For answers to those questions, we must turn to the storytellers, the British media, and how they reported, remembered and revised the events of Bloody Sunday over a period of nearly 40 years. We approached our analysis expecting to find a straightforward case of media lies and propaganda aimed at vindicating the actions of the soldiers and, by logical extension, protecting the reputation of the British Army. While this was clearly manifest in the content, our analysis is more than just a case study in propaganda. We realized that on a deeper, ideological and cultural level, the British media have told and retold the story of Bloody Sunday more often than not from the point of view of Britain’s sense of itself as a nation, loaded as it is with immense historical baggage and a degree of selective memory. We also found evidence in some instances of a troubled British conscience about Bloody Sunday and its legacy, which we consider to be part of a wider debate about British national identity and values in its post-imperial twilight.
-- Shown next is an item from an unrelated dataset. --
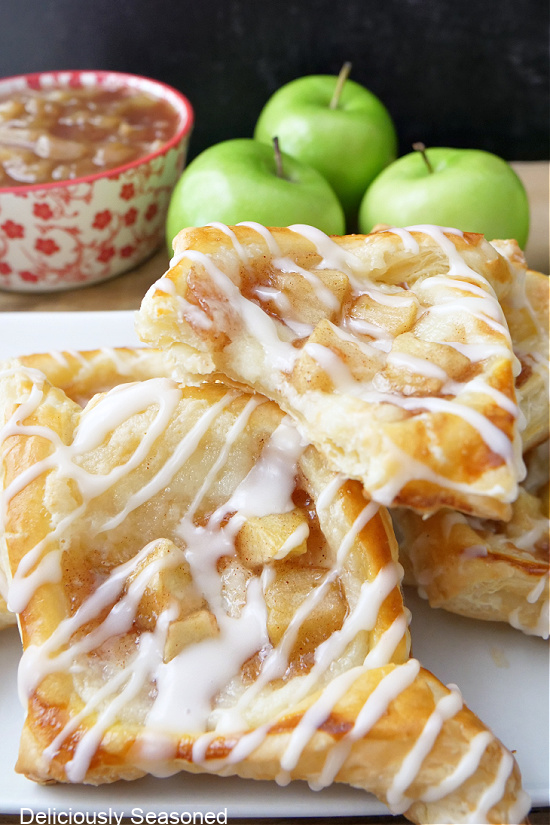A small bowl of apple pie filling in the background, next to Granny Smith apples, with puff pastries stacked on a white plate.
What we present in this book is a media studies analysis based on three starting assumptions. Firstly, we do not conceptualize ‘the media’ as a monolithic entity; there are important differences between Britain’s daily newspapers and its public service broadcasters in terms of form and content as well as editorial and production values. There are also crucial differences between mainstream television news bulletins, current-affairs programmes, personally authored documentaries and drama-documentaries in terms of their relative openness to alternative or oppositional perspectives.3 Secondly, we recognize that not all British media representations played the propaganda role of whitewashing the events of Bloody Sunday in favour of the army version; the Sunday Times Insight investigation, of 23 April 1972, for example, was one of the first and very few in the British press to seriously challenge the findings of the Widgery Tribunal (published just four days previously). Similarly Peter Taylor’s investigation, ‘Remember Bloody Sunday’, first broadcast on the 20th anniversary of Bloody Sunday (BBC1, Inside Story 1992); the year-long investigation by Channel 4 News (1997–1998), which gathered new or previously neglected evidence that helped make the case with the Bloody Sunday Justice Campaign for a new judicial inquiry in 1998; and the sympathetic treatments of the films Bloody Sunday and Sunday, both broadcast in 2002 to coincide with the 30th anniversary of the shootings. And thirdly, we recognize the value of local images and representations that have worked against the grain of some mainstream British representations to assert the truth about Bloody Sunday; the murals of the Bogside Artists in Derry and the Museum of Free Derry at Glenfada Park stand as permanent testaments to what happened that day, though our media analysis focuses in particular on two Derry-made films: The Bloody Sunday Murders, directed by Margo Harkin and Eamonn McCann for Channel 4’s alternative media series, Free For All (1991); and Margo Harkin’s documentary, Bloody Sunday – A Derry Diary (2007/2010).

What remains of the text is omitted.